Clinician Specialty: General Surgeon
1 November 2024
Dr. Sarah Jenkins, City General Practice, 123 Health Lane, London SW1A 1AA
Mr. John Smith, DOB: 15/03/1970
Dear Dr. Jenkins,
Diagnosis / Ongoing Issues:
Right inguinal hernia
Past Medical History:
Hypertension (controlled with medication)
Appendectomy (1995)
Allergy:
Penicillin (rash)
BMI:
28.5 kg/m² (Overweight)
Smoking / Alcohol:
Non-smoker
Alcohol: Social drinker, 2-3 units per week
Performance Status:
ECOG Performance Status 0 - Fully active, able to carry on all pre-disease performance without restriction.
Management Plan:
Elective right inguinal hernia repair with mesh.
Mr. Smith presented with a several-month history of a reducible lump in his right groin, which becomes more prominent on standing and coughing. He reports intermittent discomfort, particularly after prolonged standing or heavy lifting, but denies any acute pain, nausea, or vomiting. He has not experienced any changes in bowel habits or urinary symptoms. Relevant investigations to date include a clinical examination by his GP and a recent ultrasound scan confirming a right inguinal hernia with no evidence of strangulation or incarceration. The condition has impacted his ability to perform certain physical tasks at work and recreational activities.
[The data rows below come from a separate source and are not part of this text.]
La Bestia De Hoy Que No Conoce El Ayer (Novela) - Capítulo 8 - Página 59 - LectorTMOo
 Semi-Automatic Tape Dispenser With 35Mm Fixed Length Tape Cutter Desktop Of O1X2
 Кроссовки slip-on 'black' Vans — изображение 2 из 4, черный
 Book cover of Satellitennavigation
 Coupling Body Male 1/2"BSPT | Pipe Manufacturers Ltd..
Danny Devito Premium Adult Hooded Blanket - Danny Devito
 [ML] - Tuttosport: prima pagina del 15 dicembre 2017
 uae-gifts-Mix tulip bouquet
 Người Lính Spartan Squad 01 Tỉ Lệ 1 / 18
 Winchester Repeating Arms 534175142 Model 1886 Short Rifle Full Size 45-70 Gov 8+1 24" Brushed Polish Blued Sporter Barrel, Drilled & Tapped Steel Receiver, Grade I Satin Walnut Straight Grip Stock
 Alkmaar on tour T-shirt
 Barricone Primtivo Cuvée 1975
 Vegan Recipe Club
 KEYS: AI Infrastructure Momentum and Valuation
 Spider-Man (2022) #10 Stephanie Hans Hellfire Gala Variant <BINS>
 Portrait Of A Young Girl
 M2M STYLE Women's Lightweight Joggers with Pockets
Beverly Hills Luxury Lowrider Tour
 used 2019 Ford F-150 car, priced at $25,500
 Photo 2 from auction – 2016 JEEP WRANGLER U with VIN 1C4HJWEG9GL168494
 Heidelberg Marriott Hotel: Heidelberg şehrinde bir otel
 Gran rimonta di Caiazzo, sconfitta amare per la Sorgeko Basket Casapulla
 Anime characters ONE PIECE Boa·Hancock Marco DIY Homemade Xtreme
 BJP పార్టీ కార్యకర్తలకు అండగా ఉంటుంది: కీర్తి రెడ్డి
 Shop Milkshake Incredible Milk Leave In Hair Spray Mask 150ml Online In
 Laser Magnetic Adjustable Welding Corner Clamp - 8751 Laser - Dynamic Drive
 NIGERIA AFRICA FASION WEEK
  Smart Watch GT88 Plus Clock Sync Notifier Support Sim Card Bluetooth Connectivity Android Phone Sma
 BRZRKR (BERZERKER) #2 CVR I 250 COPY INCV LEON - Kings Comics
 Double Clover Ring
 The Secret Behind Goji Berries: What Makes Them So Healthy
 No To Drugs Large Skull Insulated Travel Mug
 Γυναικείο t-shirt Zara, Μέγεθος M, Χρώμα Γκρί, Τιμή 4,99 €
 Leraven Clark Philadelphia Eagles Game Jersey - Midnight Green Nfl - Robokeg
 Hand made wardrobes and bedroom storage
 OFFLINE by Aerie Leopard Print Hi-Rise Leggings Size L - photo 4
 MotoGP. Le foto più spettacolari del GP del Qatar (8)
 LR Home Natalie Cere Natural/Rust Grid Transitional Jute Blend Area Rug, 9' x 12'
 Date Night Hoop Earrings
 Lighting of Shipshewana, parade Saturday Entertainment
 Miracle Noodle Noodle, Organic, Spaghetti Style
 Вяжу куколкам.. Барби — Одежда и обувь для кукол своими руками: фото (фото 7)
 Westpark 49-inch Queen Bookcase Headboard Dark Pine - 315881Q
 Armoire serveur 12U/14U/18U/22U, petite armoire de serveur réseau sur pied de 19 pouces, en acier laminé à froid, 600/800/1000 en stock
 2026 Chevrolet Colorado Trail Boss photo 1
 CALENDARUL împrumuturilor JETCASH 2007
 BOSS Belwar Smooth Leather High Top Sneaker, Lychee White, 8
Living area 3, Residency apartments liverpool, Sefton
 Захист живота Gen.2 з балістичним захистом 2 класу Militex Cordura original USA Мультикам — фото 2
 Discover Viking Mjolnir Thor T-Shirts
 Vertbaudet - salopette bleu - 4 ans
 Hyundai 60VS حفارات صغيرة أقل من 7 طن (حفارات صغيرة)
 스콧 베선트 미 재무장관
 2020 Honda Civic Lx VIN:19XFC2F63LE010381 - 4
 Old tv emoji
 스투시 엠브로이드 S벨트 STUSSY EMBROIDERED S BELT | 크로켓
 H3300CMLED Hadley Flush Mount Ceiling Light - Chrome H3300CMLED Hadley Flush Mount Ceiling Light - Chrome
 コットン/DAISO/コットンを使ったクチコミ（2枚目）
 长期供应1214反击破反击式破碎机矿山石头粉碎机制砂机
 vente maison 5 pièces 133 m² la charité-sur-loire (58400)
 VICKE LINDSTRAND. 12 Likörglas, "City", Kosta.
Physical examination revealed a reducible right inguinal hernia that increased in size with Valsalva maneuver. There was no tenderness to palpation, and no signs of inflammation or skin changes. Point-of-care ultrasound confirmed the presence of a reducible right inguinal hernia sac containing omentum, approximately 3 cm in diameter, with no evidence of obstruction.
The possible diagnosis is a right inguinal hernia, and the recommended treatment is an elective laparoscopic inguinal hernia repair with mesh. Further investigations are not deemed necessary at this stage given the clear clinical and ultrasound findings. We discussed the benefits of repair, primarily symptom relief and prevention of complications such as incarceration or strangulation.
Follow-up arrangements include a pre-operative assessment within the next two weeks at the hospital's pre-assessment clinic. The surgical procedure is planned for approximately 4-6 weeks from today. Mr. Smith will be contacted directly by the scheduling department. Dr. Kelly will be the operating surgeon.
Surgical risks discussed with the patient relevant to the procedure recommended:
General or local anaesthetic risks
Bleeding
Infection
Recurrence
Chronic groin pain
Seroma
Injury to the vas deferens or testicular vessels
Mesh complications
Conversion between laparoscopic and open approach
Mr. Smith was advised he may contact the surgeon via email or book a telephone consultation to discuss surgical risks and alternative treatment options.